The proposal pushes at the edges of what science diplomacy typically encompasses. While grounded in space science and engineering, the project operates through cultural signaling rather than research output or formal agreement.
Whether such cultural signaling constitutes science diplomacy in a formal sense remains contested. Stubblefield does not claim it resolves governance gaps around lunar environmental protection, a domain where binding rules remain limited, but rather that it makes those gaps visible.
A year ago, those gaps led the Vienna-based U.N. Committee on Peaceful Uses of Outer Space (COPUOS) to create the Action Team on Lunar Activities Consultation, a new framework for governing activities on the Moon.
With private companies making lunar landings and resource extraction a reality, the U.N. recognized a need for clear rules to prevent conflict, protect scientific sites, and manage environmental impacts.
Through COPUOS, nations have been discussing how they might coordinate lunar activities that involve both governments and private companies. Some envision stronger international coordination, but no binding framework or new governing body has yet been agreed.
The first attempt to govern such activity was the 1979 Moon Treaty, which only a small number of countries ratified and tried to fill in the gaps left by the 1967 Outer Space Treaty. It had a major flaw: Article 11 called for a new agreement on outer space resource activity, without giving any specifics.
Space-faring nations generally opposed the creation of a new supra-national authority that could oversee resource extraction similar to how the International Seabed Authority regulates ocean projects under the U.N. Convention on the Law of the Sea.
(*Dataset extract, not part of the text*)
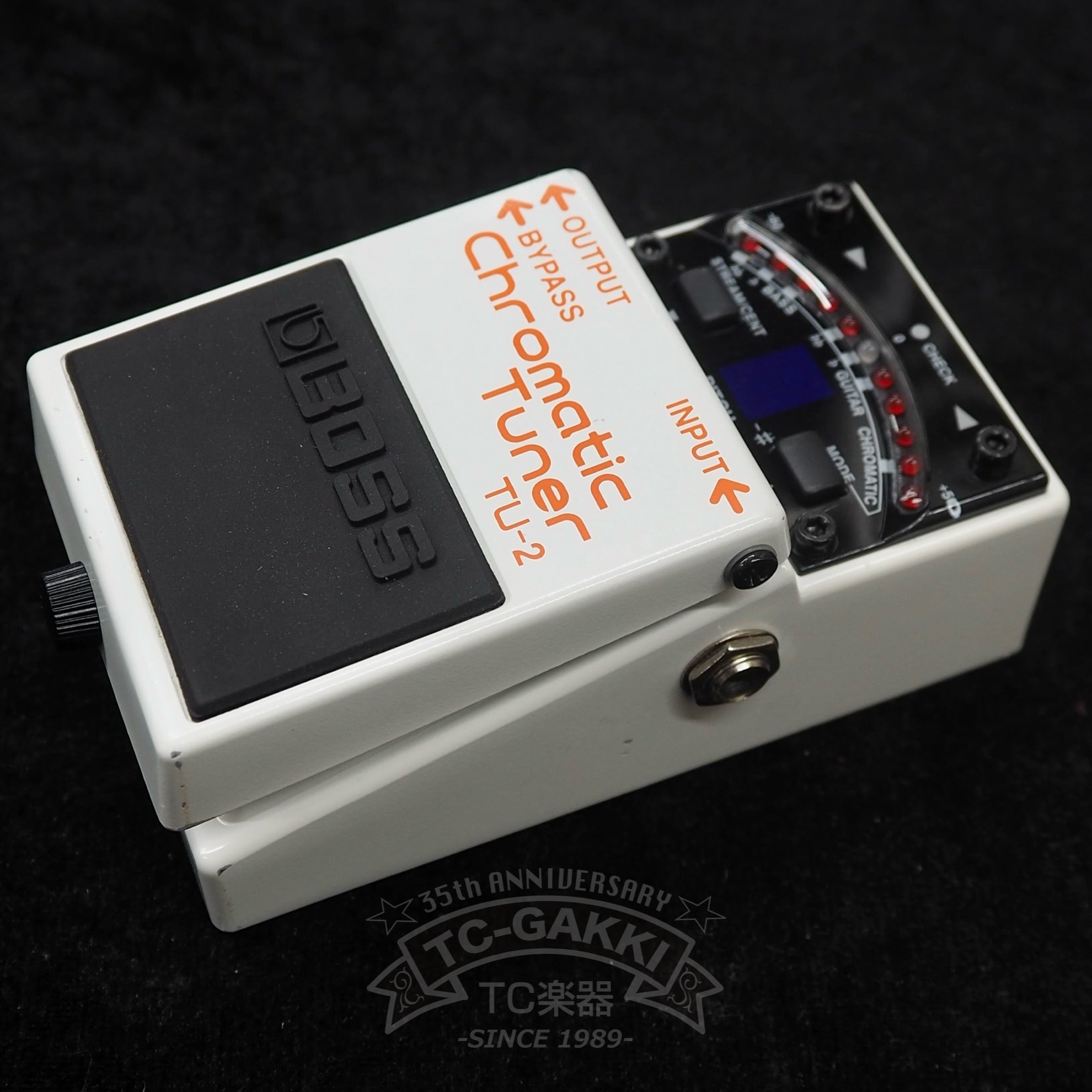 BOSS TU-2 Chromatic Tuner - TC楽器 - TCGAKKI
A Real Project, With Real Constraints
This will not be Stubblefield’s first lunar mission. Last year, he took part in a privately organized art payload that flew aboard Firefly Aerospace’s Blue Ghost mission, coordinated by a group called LifeShip. The forthcoming sanctuary project, however, is more operationally and legally complex, and entirely self-funded.
He came to Davos with the hope of finding a primary patron for the project, since the financial and logistical burden is not insignificant. “This is quite real,” he said. “No pressure.”
Whether the lunar sanctuary ultimately influences policy or practice is an open question. Stubblefield does not claim otherwise. What he is attempting, he said, is to shape how future governments and businesses conceptually approach the Moon before activity there becomes too entrenched to reconsider.
“If you wait until we’ve occupied the whole south pole,” he said, “we don’t get to go back and carve out an area that’s untouched.”
In that sense, the project functions less as a policy proposal than as a preemptive marker: a cultural artifact embedded directly in an emerging domain of international activity, asking how restraint, preservation, and cooperation might be signaled before the rules are fully written.